Interessante analisi

A Bergamo c'è un appartamento ogni due abitanti. Cinquemila gli alloggi vuoti

La domanda di abitazioni è in crescita, ma il vecchio costruito interessa poco e perde valore anche in zone un tempo prestigiose

A Bergamo c'è un appartamento ogni due abitanti. Cinquemila gli alloggi vuoti
Attualità Bergamo, 24 Agosto 2021 ore 17:27

di Angelo Bosio

Avete fatto il conto delle gru che si vedono in città? Sono molte, e diverse altre arriveranno nei prossimi mesi. La massima concentrazione si trova in via Bianzana e via Serassi, ovviamente, dove si trova il grande cantiere di Chorus Life: pare che siano sette. Accanto, sempre in via Bianzana, si trova un altro cantiere, meno clamoroso, ma non piccolo, di Ferretticasa. Ma di gru ne trovate anche in via Suardi, via Codussi, via Leone XIII (Redona Centro), via Ghislandi... E nei prossimi mesi potrebbero partire altri cantieri come quelli del Parco ovest, in via Moroni, via San Bernardino, e ancora si parla di interventi edilizi che muovono i primi passi nell’area della Reggiani, in viale Giulio Cesare, e nella vecchia sede dell’Italcementi, in via Camozzi. Arriveranno sul mercato centinaia di nuove abitazioni.
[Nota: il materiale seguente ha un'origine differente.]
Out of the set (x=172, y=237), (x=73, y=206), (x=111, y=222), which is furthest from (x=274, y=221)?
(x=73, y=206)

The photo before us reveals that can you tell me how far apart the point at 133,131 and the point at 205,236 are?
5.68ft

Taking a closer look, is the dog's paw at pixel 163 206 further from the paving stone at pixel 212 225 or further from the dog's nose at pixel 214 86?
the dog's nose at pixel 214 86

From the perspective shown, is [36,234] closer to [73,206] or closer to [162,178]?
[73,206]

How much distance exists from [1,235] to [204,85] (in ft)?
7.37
Ma la città è in grado di assorbire questi edifici? Non sono già molte le abitazioni vuote nel nostro territorio? E non è vero che parte degli interventi di nuova edilizia realizzati dopo il 2010 sono rimasti almeno in parte invenduti? È interessante quello che dicono gli esperti: «Bisogna considerare che un condominio del 2010 può venire considerato già superato. Le nuove generazioni che si affacciano al mercato della casa hanno esigenze di particolare efficienza delle abitazioni dal punto di vista delle connessioni, dell’energia, della domotica. La casa di oggi deve essere autosufficiente dal punto di vista energetico, per diventare appetibile. Dieci anni fa la sensibilità era diversa».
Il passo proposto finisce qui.